CJ, Julian and an ASP head judge give their respective two cents on judging.
How do they do it? What’s worth more or is more difficult-- a tube or an air reverse? I’m talking about judging. It ain’t an easy career path, that’s for sure. But we love our champions, so they must be judged. But as for the great debate over airs vs barrels vs carves; which holds more weight?
Perhaps, those three maneuvers aren’t meant to be segregated or pitted against each other. If the contest is in crumbly, onshore beachbreak, you probably won’t be looking for tubes. And are the judges really scoring airs over turns, or tubes over finners? Is it that simple?

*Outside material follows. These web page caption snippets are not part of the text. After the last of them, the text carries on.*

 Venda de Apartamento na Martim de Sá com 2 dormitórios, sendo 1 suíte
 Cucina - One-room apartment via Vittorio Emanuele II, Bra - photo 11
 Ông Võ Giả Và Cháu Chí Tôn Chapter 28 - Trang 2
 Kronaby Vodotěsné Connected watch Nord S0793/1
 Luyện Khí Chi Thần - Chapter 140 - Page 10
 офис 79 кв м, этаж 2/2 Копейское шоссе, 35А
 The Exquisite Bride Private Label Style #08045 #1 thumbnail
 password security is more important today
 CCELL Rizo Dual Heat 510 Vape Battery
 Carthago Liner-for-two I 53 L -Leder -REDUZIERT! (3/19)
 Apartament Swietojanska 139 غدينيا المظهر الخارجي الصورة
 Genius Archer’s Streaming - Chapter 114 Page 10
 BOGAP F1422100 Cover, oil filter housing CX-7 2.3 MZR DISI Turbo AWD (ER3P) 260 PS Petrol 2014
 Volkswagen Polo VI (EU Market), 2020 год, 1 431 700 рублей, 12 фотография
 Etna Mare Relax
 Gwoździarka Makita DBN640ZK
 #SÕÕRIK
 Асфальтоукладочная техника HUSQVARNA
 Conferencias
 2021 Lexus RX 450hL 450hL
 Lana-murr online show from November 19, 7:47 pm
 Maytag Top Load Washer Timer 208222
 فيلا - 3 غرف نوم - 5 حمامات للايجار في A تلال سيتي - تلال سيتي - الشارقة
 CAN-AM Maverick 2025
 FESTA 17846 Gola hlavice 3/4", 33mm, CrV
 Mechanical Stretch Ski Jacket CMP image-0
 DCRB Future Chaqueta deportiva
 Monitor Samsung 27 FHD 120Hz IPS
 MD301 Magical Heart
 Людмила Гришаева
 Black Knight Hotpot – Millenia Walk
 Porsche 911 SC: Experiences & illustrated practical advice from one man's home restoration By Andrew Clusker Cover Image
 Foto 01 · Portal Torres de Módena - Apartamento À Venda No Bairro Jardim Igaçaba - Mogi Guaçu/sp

They say the basis of the judging criteria comes down to “speed, power and flow,” but what does that actually mean?
According to a longtime WCT soldier like CJ Hobgood, it’s not just about those three moves, but rather what those moves evoke. “First of all, doing different things on different waves gives both the surfer and the spectator different feelings,” says Hobgood. “You’re not comparing the maneuvers, you’re comparing the feelings that those maneuvers give you. Judges are basically putting a number on those feelings.”
That’s interesting, because rather than a mathematical science, this idea of “feelings” seems so subjective and, well, human. But both judges and spectators can agree that they do love to be excited and furthermore surprised.
And how do you feel this way about a surfer on a wave? Variety. Combos and seamlessly linking airs with carves and so forth.
“Quality surfing,” says Julian Wilson, “is rail surfing mixed with fins free. You can’t just go do a jump or a forced air and expect to make it through your heat. You’ve got to be able to do turns as well-- and on the same wave.”
Says Hobgood, “Repetition is always easier, though not as exciting, and judges pick up on that. Airs, barrels and carves all have their place on certain days, and if you can fit them all in on one wave, then that might just be the best wave.”
Indeed. But if you can’t quite fit em all into one, here’s a few things you might want to know while turning or boosting.
3 Ways to Get the Score: According to Richie Porta ASP Intl. Head Judge
1) If you’re going to be out on the face, you have to hold your rail through your whole turn. Look at Taylor Knox’s turns-- just hold that rail.
2) If you’re going to hit the lip, you have to hit the lip and rotate hard out of it. There’s no point hitting the lip and then dropping down. The guys who drive right into the next turn, that’s what stands out.
3) If you’re doing an air, it’s got to be technically sound, in the critical section and get some good height. The high ones get the right scores.